Oleh: Dede Farhan Aulawi
Sebagaimana sebuah negara yang berdaulat, selalu ada tarik menarik kepentingan strategis nasional dalam menentukan sikap dalam menghadapi suatu persoalan. Persoalan sendiri sebenarnya merupakan sebuah realitas kehidupan, dimana ia akan selalu ada selama manusia itu hidup. Benturan kepentingan satu dengan yang lain seringkali menimbulkan persoalan yang pada akhirnya bermuara pada pilihan sikap dan tindakan yang akan dan harus diambil.

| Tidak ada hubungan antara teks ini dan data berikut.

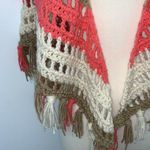 Handmade Vintage Boho  Womens Crochet Triangle Shawl Wrap Tan Coral Ivory Fringe Photo 1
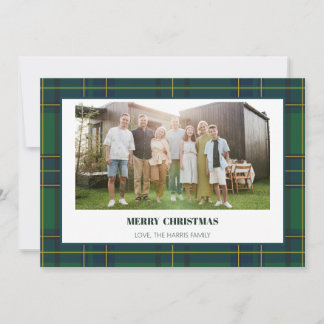 Vintage grönrutig familjefoto julkort
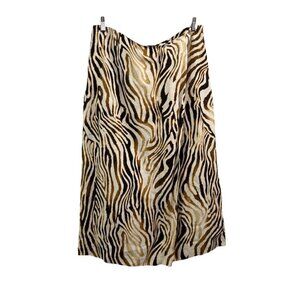 Evan Picone Linen Animal Print Mid Lebgth Skirt Wrap Size 12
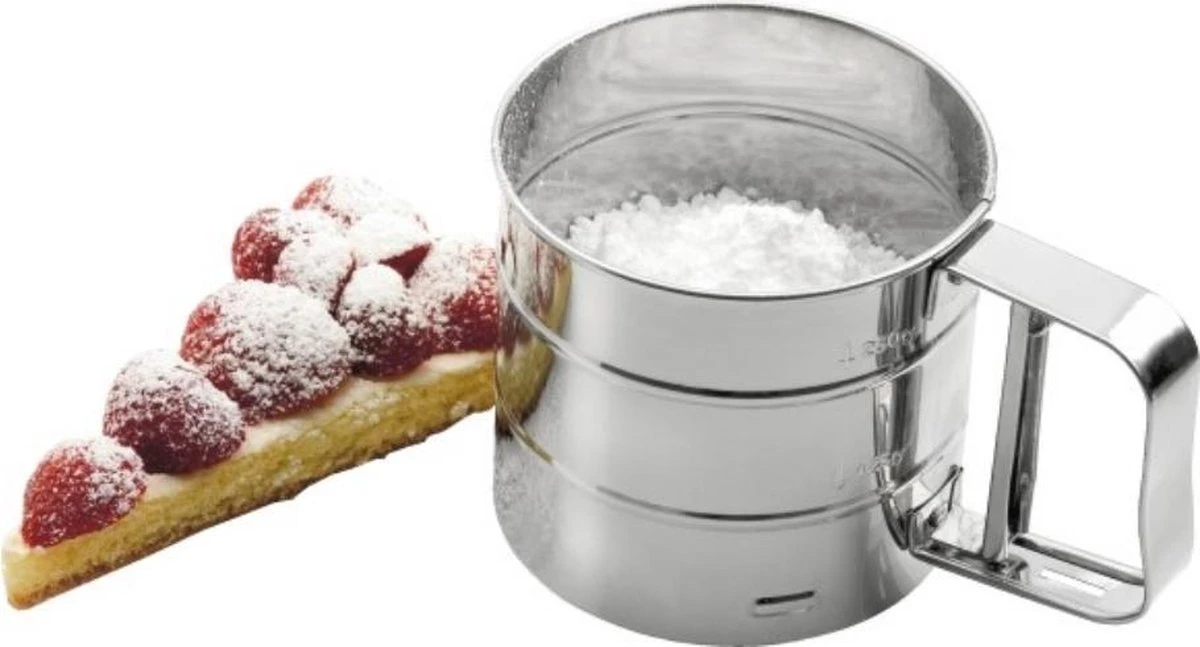 Professionele RVS Meelzeef - Bloemzeef - Poedersuikerzeef - Suikerzeef - Bakgerei - Stooier - Keuken Tafel -Roestvrij Staal - Draai Meel Zeef - Bloem Zeef - Poedersuiker Zeef - - Afbeelding 12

Termasuk permasalahan memanasnya situasi di wilayah kepulauan Natuna akhir – akhir ini akibat ulah masuknya kapal-kapal nelayan asal China yang dikawal kapal coast guard-nya yang dinilai masuk ke perairan Natuna secara ilegal. Apakah sikap keras selalu dinilai sebagai tindakan yang tegas ? Apakah mengembangkan pendekatan diplomasi dinilai sekedar strategi tarik ulur yang bernilai basa basi ? Atau mungkinkah semua dikembalikan pada fungsi pengadilan internasional yang akan memutuskan suatu wilayah milik siapa ? Semua pilihan pasti ada kelebihan dan kekurangannya. Tinggal kita bersikap mau yang mana ?
Penulis sudah membahas soal situasi Laut China Selatan ini sekitar 7 – 8 tahun yang lalu. Persoalan besarnya adalah pengakuan yang tulus atas sebuah teritori. Mau mengakui UNCLOS atau tetap kukuh dengan nine dash line-nya. Atau mungkin hanya karena melihat betapa besarnya sumber daya alam yang tersedia di sana.
Sebagaimana yang diketahui, bahwa laut Natuna memiliki cadangan minyak dan gas ( migas) yang sangat besar. Blok migas Natuna D-Alpha dan gas Dara memiliki sumber migas yang luar biasa menurut survei seismik laut Agip. Terdapat cadangan migas terbesar dalam sejarah permigasan Indonesia dengan cadangan gas 222 triliun kaki kubik (TCF) dan 310 juta bbl minyak, dengan luas 25 x 15 km2 serta tebal batuan reservoir lebih dari 1.500 meter
Dasar klaim China atas perairan Natuna yang dianggap masuk wilayahnya, adalah Nine Dash Line. Nine dash line merupakan sembilan garis putus – putus yang dibuat sepihak oleh China tanpa melalui konvensi hukum laut di bawah PBB atau United Nations Convention on the Law of the Sea (UNCLOS). Padahal UNCLOS sudah metetapkan batas-batas Zona Ekonomi Eksklusif (ZEE) Indonesia yang dikaitkan dengan hak negara dalam melakukan eksploitasi dan kebijakan lain di wilayah perairannya sesuai hukum laut internasional. Persoalannya adalah meskipun Beijing merupakan anggota UNCLOS, tetapi ia tetap tidak mengakui ZEE di Laut China Selatan.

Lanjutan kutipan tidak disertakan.